Non è retorica. Lo dicono i numeri del Lomax Archive acquisito nel 2004 dall’American Folklife Center della Library of Congress: più di 5000 ore di registrazioni audio, 2500 videotapes, circa 120 mila chilometri di pellicola girata, una quarantina di metri di scaffali pieni di appunti e manoscritti vari, oltre a una biblioteca di migliaia di volumi e molta altra documentazione. A tutto questo andrebbe poi aggiunta la sterminata discografia nella quale Lomax ha avuto un ruolo come ricercatore, produttore o consulente scientifico e che allinea centinaia di titoli, 78 giri, long playing, cd. A parte le decine di registrazioni fornite dagli appassionati che già Youtube ospita da anni, ora ci sono i documenti dell’Archivio, queste registrazioni degli anni Ottanta, un’epoca nella quale le mitografie, le epopee eroiche alla Leadbelly o Robert Johnson sono ormai fuori luogo.

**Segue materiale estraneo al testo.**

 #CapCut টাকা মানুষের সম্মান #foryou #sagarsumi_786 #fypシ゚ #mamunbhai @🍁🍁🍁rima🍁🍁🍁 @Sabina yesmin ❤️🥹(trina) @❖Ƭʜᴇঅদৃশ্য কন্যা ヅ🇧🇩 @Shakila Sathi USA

Eppure Alan Lomax è il ricercatore, è colui che, appunto, sa cercare e sa trovare. E anche quando l’età dell’oro è tramontata eccolo denudare le radici ancora vive, là dove nessun talent scout, nessun discografico si sarebbe mai avventurato: i sermoni alla St. James Missionary Baptist Church Congregation o il blues di R.L Burnside: sì la chitarra è elettrica ma, sullo sfondo, la povera campagna e il filo spinato dicono che il tempo non è mai trascorso e forse non passerà mai. Questi e altri documenti inestimabili di umanità oggi vanno su Youtube; platea: il mondo. Chissà chi vincerà, se l’umanità o il business.